-------- Dataset entries

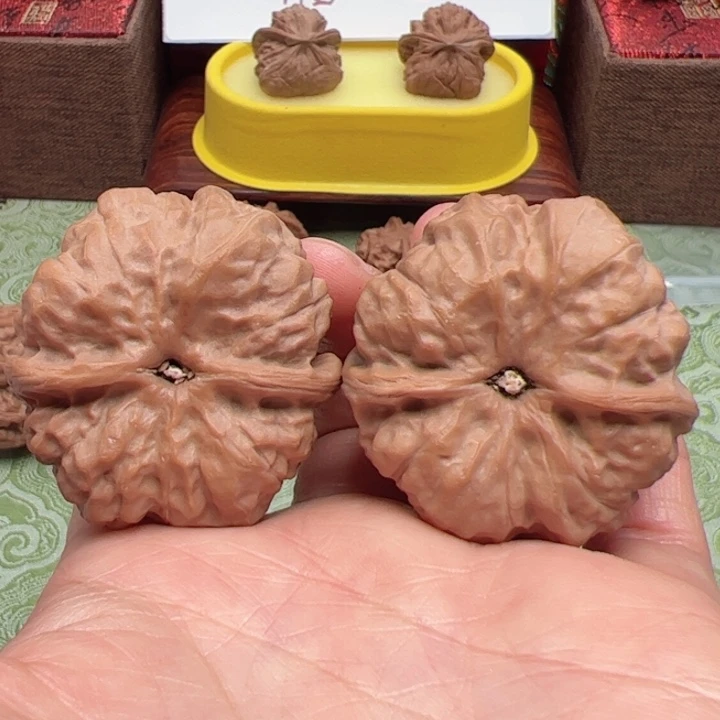 文玩核桃吊坠蛤蟆头文玩核桃手把件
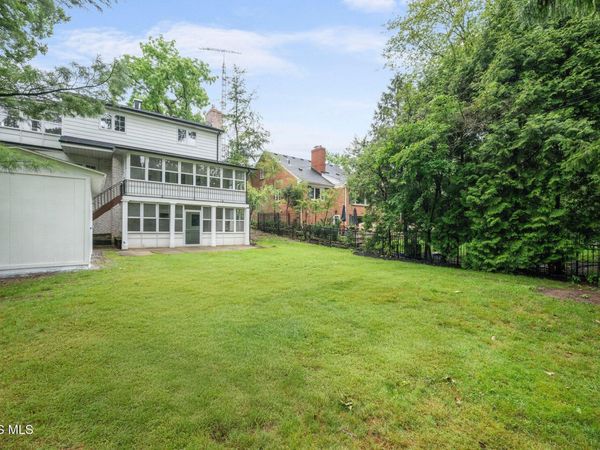 3986 W Bancroft Street, Ottawa Hills, OH 43606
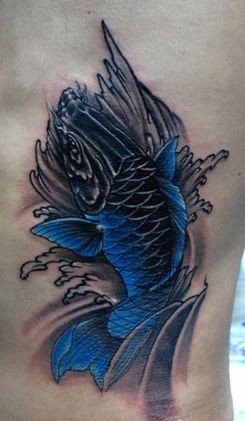 腰部彩色鲤鱼纹身图案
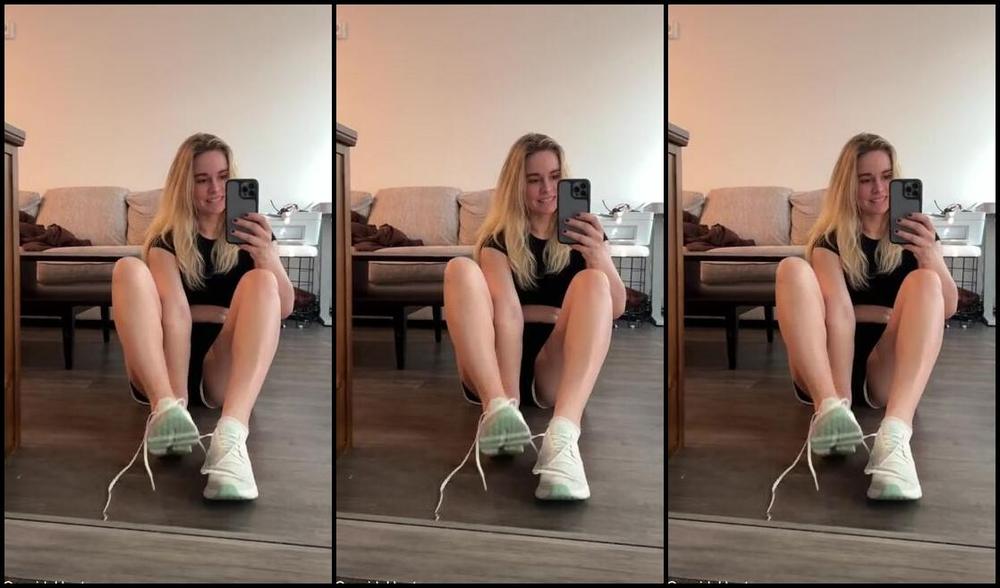 Cassidy Heat Feet Nicknamed Cassidyheatfeet Onlyfans Are You A Fan Of Sweaty Feet If So You Would Love The Smell Of Mine R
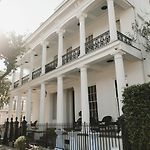Henry Howard Hotel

----------------

What the exercise asks:
Retype exactly, please, the span from the line holding "Cassidy Heat Feet" through the closing line of the data, both ends included, without the pictures.

The completed task:
 Cassidy Heat Feet Nicknamed Cassidyheatfeet Onlyfans Are You A Fan Of Sweaty Feet If So You Would Love The Smell Of Mine R
Henry Howard Hotel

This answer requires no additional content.